The members of the double-sized crew will have their work cut out for them, with a full schedule of research and space station maintenance planned. The international nature of the crew should also provide some fun chances for cross-cultural learning.

"We look at each other as much more as colleagues than ambassadors, but, at the same time, we're well aware that we represent nations and agencies and we want to serve the best interests of all of those as well," Barratt said in an interview. "We enjoy one another's food and company, and we just have a great time together."

The astronauts are prepared for some wrangling to take place as they try to adjust to a more crowded space station than they've been used to.

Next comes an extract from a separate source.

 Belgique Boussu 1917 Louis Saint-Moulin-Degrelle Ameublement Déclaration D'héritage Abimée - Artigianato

"The ground is doing a great job, and they try to take into account on all details, and they try to envisage all problems," Padalka said. "But, at the same time, we are ready to put up with some tiny problems and ready to work with the ground as one team to resolve them."

More science
With the start of large crews, the space station is entering a new phase where spacefliers hope to move beyond the basics of building the station, which has been the focus of most missions so far.

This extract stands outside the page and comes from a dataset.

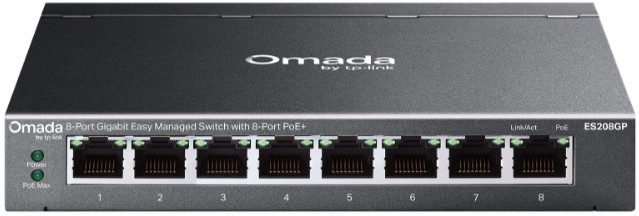 Коммутатор управляемый TP-LINK Omada ES208GP 8-Port Gigabit Easy Managed Switch with 8-Port PoE+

A major goal of the Expedition 20 mission is to "help transition the space station program from a phase that has been dominated by assembly, to one of utilization to help the station fulfill its new responsibility as a world-class facility for doing research and development," Thirsk said.

And if the space station starts to feel crowded when the first six-person crew arrives, wait until the space shuttle Endeavour visits during its June STS-127 flight.

"If you consider that the permanent crew will be six, a visiting shuttle will be seven, now we'll have up to 13 on the space station," Barratt said. "As far as I know, that's the most we've ever had on a single platform in space in history, so we'll look forward to seeing how all that works."